Sonja no daba crédito a lo que estaba oyendo.

—¿Cómo? —preguntó asombrada.

—Con todos mis respetos por su trabajo —respondió Torkel Lindén imperturbable—, aquí, en el Centro Oden, ayudamos a niños desprotegidos. Ésa es nuestra misión y nuestra vocación. No somos el brazo largo de la policía. Así es, y estamos orgullosos de ello. Mientras los niños estén aquí han de sentirse amparados y saber que nosotros anteponemos sus intereses a cualquier otra consideración.

Sonja Modig puso una mano en la pierna de Bublanski para impedir que estallase y montara una escena.

—Podríamos obtener una orden judicial sin ningún problema —dijo—. Pero no queríamos ir por esa vía.

—Muy sabio por su parte.

—Déjeme que le pregunte algo —continuó ella—. ¿Saben realmente Einar Forsberg y usted lo que es mejor para August o, dicho sea de paso, para esa niña que está llorando por ahí? ¿No será que todos tenemos necesidad de expresarnos? Usted y yo podemos hablar o escribir, o incluso contactar con abogados. August Balder no tiene a su disposición esos medios de expresión. Pero sabe dibujar, y parece ser que quiere decirnos algo. ¿Debemos impedírselo entonces? ¿No resultaría eso tan inhumano como negarles a otros niños el uso de la palabra? ¿No debemos dejar a August que dé forma a aquello que sin duda le está atormentando más que ninguna otra cosa?

—Nuestra evaluación es…

—No —le cortó ella—. No nos hable de sus evaluaciones. Hemos estado en contacto con la persona que mejor puede evaluar en este país este tipo de problemas. Se llama Charles Edelman y es catedrático de neurología. Va a venir desde Hungría para ver al pequeño. ¿No sería razonable dejar que él tomara la decisión de lo que es mejor?

—Podemos escuchar su opinión, por supuesto —accedió Torkel Lindén de mala gana.

—No, no sólo la escucharemos, dejaremos que sea él quien decida.

—Me comprometo a mantener un diálogo constructivo, entre profesionales expertos.

—Bien; ¿qué hace August ahora?

—Dormir. Estaba completamente exhausto cuando llegó.

Sonja comprendió que insistir en que lo despertara no conduciría a nada bueno.

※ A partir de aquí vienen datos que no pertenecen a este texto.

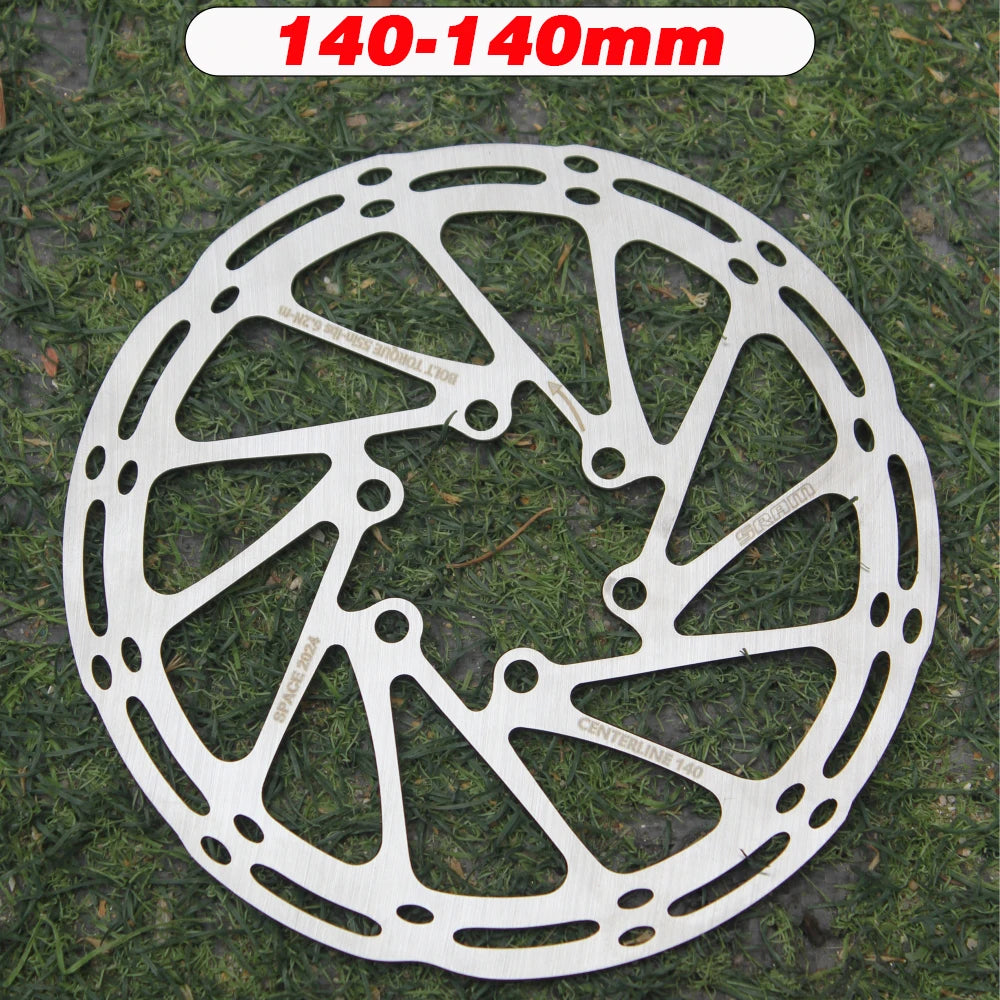 SRAM 2‑Piece 140mm Stainless Steel Centerline Disc Rotor – MTB & Road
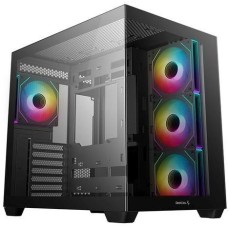 Корпус для ПК DEEPCOOL Корпус ATX CG530 4F, Mini-Tower, без БП, черный [r-cg530-bkada4-g-1]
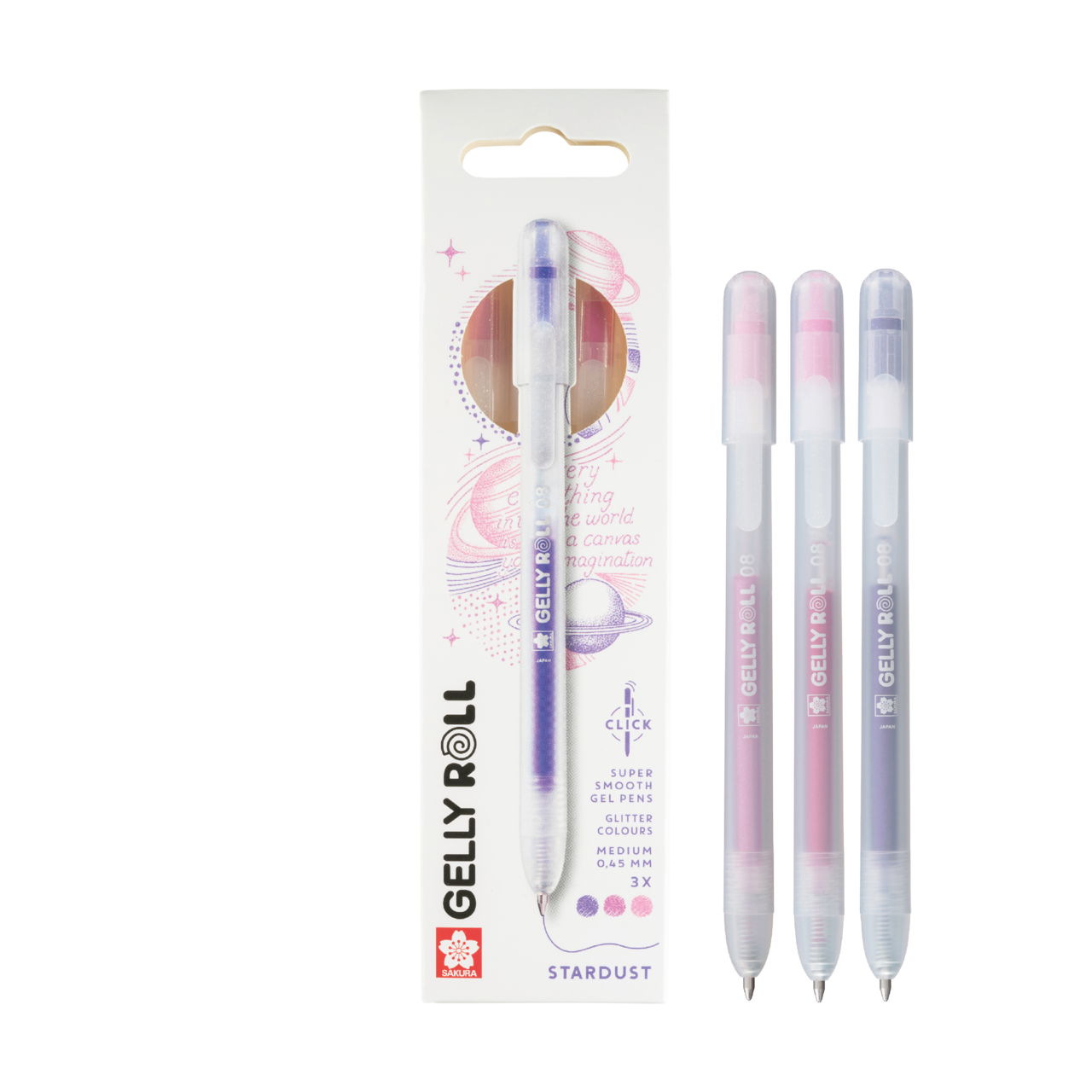 Sakura Gelly Roll stardust glitter gel pens, 3-set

—En tal caso, volveremos mañana por la mañana con el profesor Edelman. Y espero que todos podamos colaborar para resolver este asunto de la mejor manera posible.

Capítulo 16

Noche del 21 y mañana del 22 de noviembre

Gabriella Grane hundió la cara entre las manos. Llevaba cuarenta horas sin dormir y la torturaba una profunda culpa que se vio reforzada por la palpitante falta de sueño; poco importaba que hubiera pasado todo el día trabajando sin cesar. Desde esa mañana pertenecía a un grupo formado en la Säpo —una especie de investigación paralela en la sombra— que también se ocupaba del asesinato de Frans Balder; teórica y oficialmente con el único objetivo de controlar la seguridad nacional pero que en la práctica, oficiosamente, se metía de modo velado en todos y cada uno de los detalles del caso.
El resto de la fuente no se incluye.